Now let's try checking the signature on a message posted to comp.os.linux.announce. Using your newsreader, save a message to a file, preferably with the extension “.asc” (short for ascii). Let's save it in the file cola.asc, and then call PGP to check the signature:
PGP is verbose (as usual), and checks the signature. Part of what it says lets us know that the signature checks out Okay—but it warns that it can't be sure, because you don't have a key of your own:
File has signature. Public key is required to check signature. Good signature from user "Lars Wirzenius <firstname.lastname@example.org>". Signature made 1996/05/01 11:36 GMT WARNING: Because this public key is not certified with a trusted signature, it is not known with high confidence that this public key actually belongs to: "Lars Wirzenius <email@example.com>".
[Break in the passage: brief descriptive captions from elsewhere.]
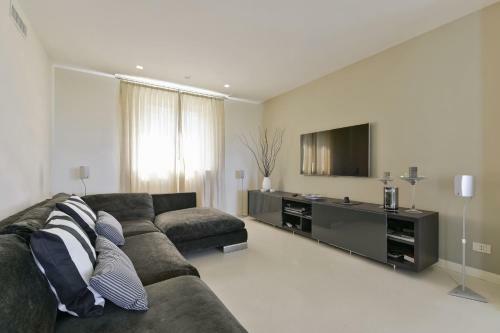 Piane Chienti Villa Sleeps 8 Pool Air Con Wifi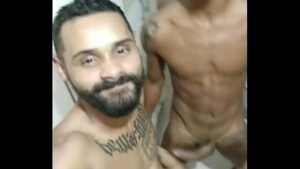 Gay dando pro bonde favela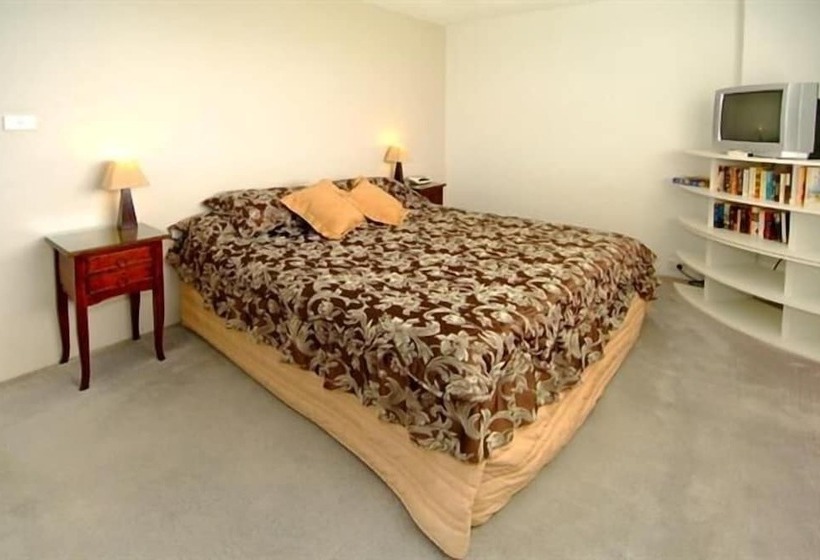 带2个卧室的公寓, Tradewinds Apartments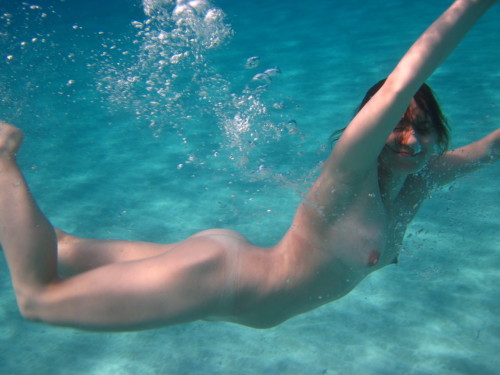 Naked girls swimming underwater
If you want to get rid of that warning, you will have to create your own keys, and before you do that, you ought to read the manual and understand it.
PGP also saves a copy of the message without the signature in a file called cola—it strips the .asc from the filename. If you had saved the original message in a file named “cola”, it would have asked you for a different filename to put the unsigned message in. Unfortunately, at the present time, the only way to check a signature without creating a new file containing the unsigned text is to press CTRL-C when PGP stops to ask you what to do.
In order to verify that your copy of a key is the right one, you need to put the key on your keyring, and then use PGP to print its fingerprint. Use the command:
pgp -kvvc user_id
where user_id is either part of the recipient's e-mail address or the actual 8-character key ID. Listing 3 shows part of the output of this command for the key used to sign Announcements of the Linux Emergency Response Team (ALERTs), which are used to announce security issues related to Linux. This (-kvvc) shows a lot of information for each key; you can get a more concise listing with the command:
pgp -kvc user_id
Now try to print the fingerprint for the key Lars uses to sign comp.os.linux.announce postings. You can check it below.
Once you have generated the fingerprint, you need to compare it to a trusted version. That might mean the fingerprints listed in this article, or it might mean calling the sender on the phone, or it might include a fingerprint listed in a book. There are many options—it's up to you to judge if the option you choose provides good enough verification for your purposes.
Here is a list of IDs and fingerprints for important and useful keys in the Linux world:
Lars Wirzenius's comp.os.linux.announce key:4CBA92D1 E7FA89856D9B781D F530EBFBD811CA3F
Linux Security FAQ Primary Key used to verify ALERTS:ADF3EE95 AB4FE7382C3627BC 6934EC2A2C05AB62
Ted Ts'o's signature key used to sign other people's keys (Ted organizes PGP-signing BOFs at conferences, and so has signed many other people's keys):466B4289 9C056649DF837EEF D8AC7542A2334B91
Your humble author, who will also be organizing PGP-signing BOFs at some conferences, and wants to show off:4536A8DD 2AEC88084064CED8 DDF8122B61438315
(Please note that in order to fit the fingerprints into the article, we have removed many of the spaces. The spaces are just there to help you read the fingerprint, and the fingerprint is the same with or without spaces.)
Linux developers are starting to talk about listing their PGP key IDs and fingerprints in the CREDITS file in the Linux kernel source code.